10 Differentiation

We often want to be able to find the gradient of a curved line. For that we need a new technique, called differentiation, that will give us a rule (a new function) to work out the gradient at any point on the curve.

10.1 The tangent to a curve

The gradient at a point on a curve is the same as the gradient of the tangent at that point. A tangent to a curve is a straight line that just touches curve at that point. Below is a picture of the tangent to the curve when \(x=5\). You can open up the graph and move the point around with the slider.

Notice that the gradient will change depending on which value of \(x\) you use.

10.2 The rules of differentiation

Luckily finding the rule to get the gradient of a curve is straight forward. The language we use for this process is like this. When function is differentiated a new function, the derivative, is found. The derivative enables you to find the gradient. There are lots of ways write this in mathematical notation. Here are the most common.

original function	derivative
\(y\)	\(\frac{dy}{dx}\)
\(f(x)\)	\(f'(x)\)

\(\frac{dy}{dx}\) is pronounced ‘dee \(y\) by dee \(x\)’, and \(f'(x)\) is read as ‘f dash of \(x\)’.

The rule for differentiating polynomials (functions made up of adding different powers of \(x\))is:

Note

if \(y=ax^n\) then \(\frac{dy}{dx} = anx^{n-1}\), or,
if \(f(x)=ax^n\) then \(f'(x) = anx^{n-1}\) Times by the power, then take one off the power

Here are some examples:

If \(y = 3x^4\) then \(\frac{dy}{dx} = 3 \times 4 \times x^{4-1} = 12x^3\)

Multiple terms added together are differentiated one by one then added together:

\[ \begin{aligned} y &= 6x^3 + 2x^2 + 4x + 5 \\ &= 6x^3 + 2x^2 + 4x^1 + 5x^0 \\ \frac{dy}{dx} &= 3\times6x^{3-1} + 2\times 2x^{2-1} + 1\times 4x^{1-1} + 0\times5x^{0-1} \\ &= 18x^2 + 4x^1 + 4x^{0} + 0 \\ &= 18x^2 + 4x + 4 \end{aligned} \]

In the above example we’ve used the following mathematical facts:

\(x=x^1\), \(x\) on it’s own is \(x^1\)
\(x^0=1\), you can always multiply by \(x^0\) since it’s \(1\)
\(0 \times a = 0\) anything times zero is zero

The take away from this is that constant terms, terms without \(x\) in, disappear, and terms with just \(x\) in loose the \(x\).

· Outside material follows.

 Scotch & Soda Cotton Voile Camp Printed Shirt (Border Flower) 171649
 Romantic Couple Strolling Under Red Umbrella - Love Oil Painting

Try these questions to get to grips with the rules of differentiation.

10.3 Finding gradient at a point

To find the gradient at a point. Differentiate the original function and then substitute the \(x\) value of the point into the derivative.

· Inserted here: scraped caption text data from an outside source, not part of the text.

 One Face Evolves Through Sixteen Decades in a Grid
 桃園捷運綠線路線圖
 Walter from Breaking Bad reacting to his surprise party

For example to find the gradient when \(x=3\) for the function \(y=x^2\). We would differentiate and then substitute in \(x=3\).

\[ \begin{aligned} y &= x^2 \\ \frac{dy}{dx} &= 2x \\ &= 2(3) \\ &= 2 \times 3 \\ &= 6 \end{aligned} \] So the gradient at \(x=3\) on the curve \(y=x^2\) is \(6\).

Economics example

If a firm’s total cost of producing \(Q\) units is:

\[ TC = 3Q^2 + 10Q + 50 \]

economists often want to know how much it costs to increase output by one unit when production is already at some specific level. This extra cost is called the marginal cost at that level. It is found by differentiating total cost with respect to quantity and evaluating at the output level in question:

\[ MC = \frac{dTC}{dQ} = 6Q + 10 \]

For example, if the firm is currently producing \(Q = 5\) units, the marginal cost is:

\[ MC = 6(5) + 10 = 40 \]

This means that when output is 5 units, the next unit adds approximately £40 to total cost. The derivative gives the rate of change at a particular point; economists call that rate the marginal cost when it measures the cost of one more unit at the current output level.

Economics example

Cost functions in economics often involve fractional powers. Suppose a firm’s total cost is:

\[ TC = 5Q^{1.5} + 100 \]

Using the power rule, the marginal cost is:

\[ MC = \frac{dTC}{dQ} = 1.5 \times 5 \times Q^{0.5} = 7.5Q^{0.5} \]

Notice that the exponent \(1.5\) becomes \(0.5\). Because the cost function contains a fractional power, the gradient is different at every value of \(Q\). This means marginal cost is not a single number; it depends on where you are on the curve. You must always specify the output level when you quote a marginal cost.

When \(Q = 4\):

\[ MC = 7.5 \times 4^{0.5} = 7.5 \times 2 = 15 \]

So at an output of 4 units, the 5th unit adds approximately £15 to total cost.

A graph showing a marginal cost curve with a fractional power, MC equals 7.5 times the square root of Q. The point at Q equals 4 has a value of MC equals 15.